Start of GIVEN ENTRIES

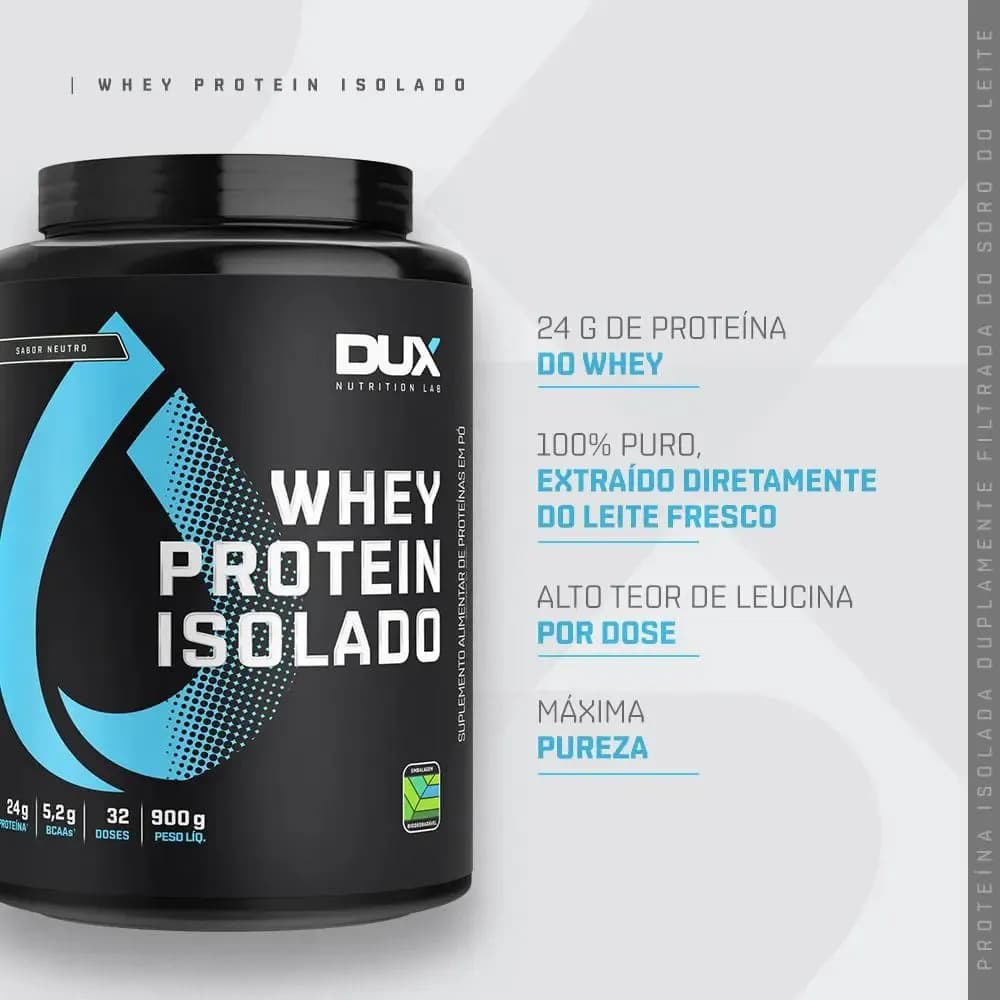 Whey Protein Isolado 900g Neutro Dux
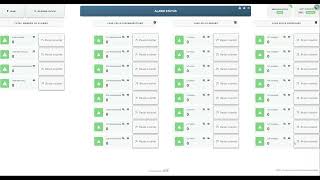 Truck scale application on 8 load cells
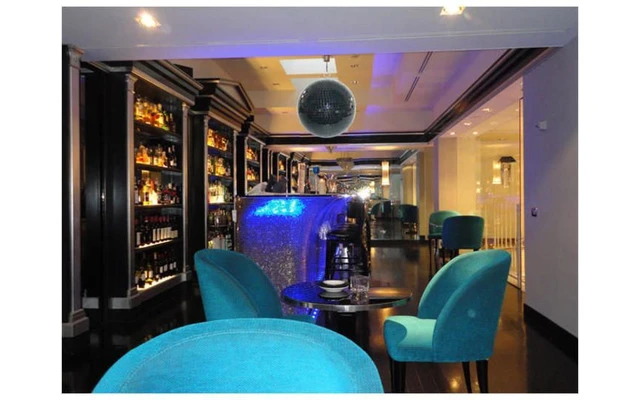 Imagenes de Ibiza Light MB012BL - Bola de espejos Negra 12"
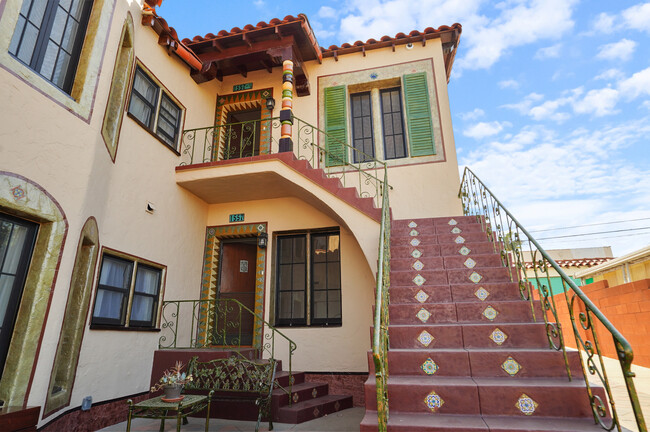 Restored entrances - 1557 S Genesee Ave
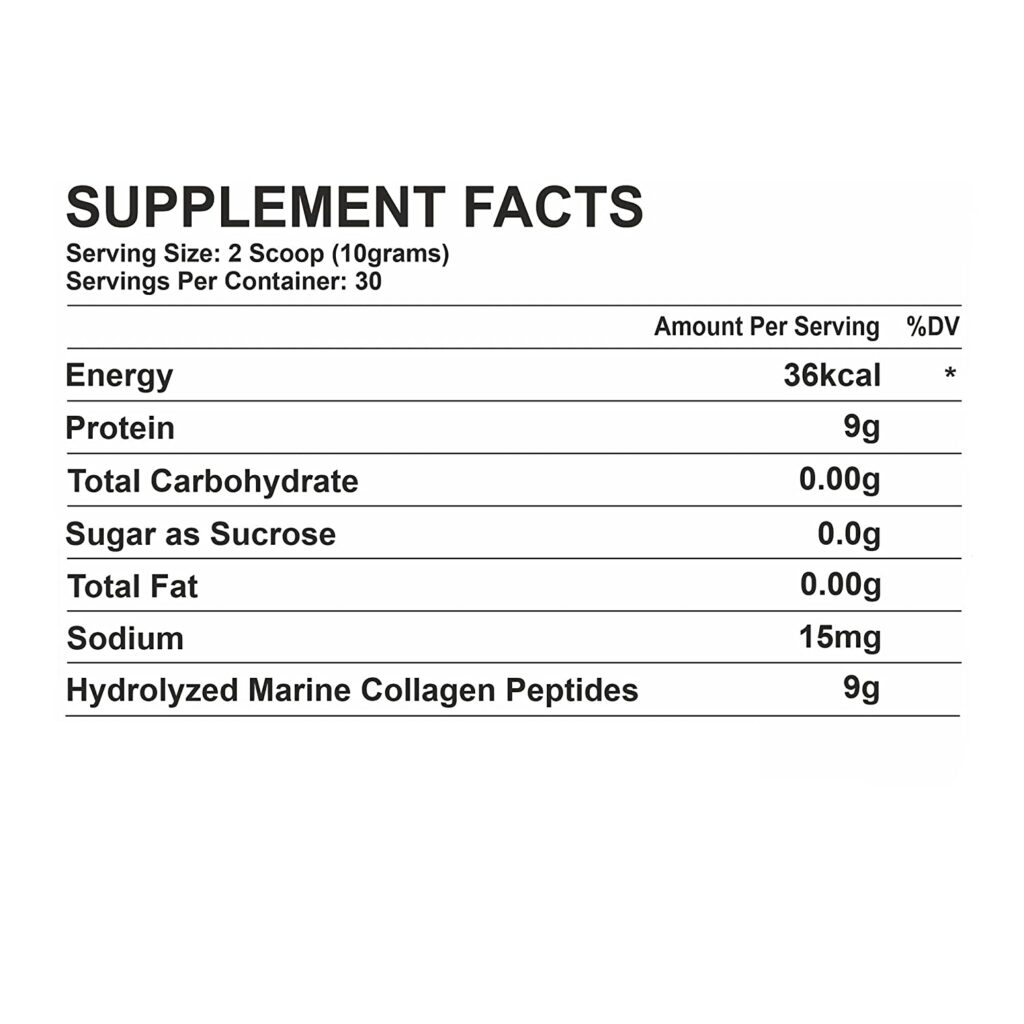 Marine Collagen Peptides Supplement for Skin & Joint Health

End of GIVEN ENTRIES

WORK REQUIRED → Each entry above should come back word for word, and no picture should come with it.

REPLY →
 Whey Protein Isolado 900g Neutro Dux
 Truck scale application on 8 load cells
 Imagenes de Ibiza Light MB012BL - Bola de espejos Negra 12"
 Restored entrances - 1557 S Genesee Ave
 Marine Collagen Peptides Supplement for Skin & Joint Health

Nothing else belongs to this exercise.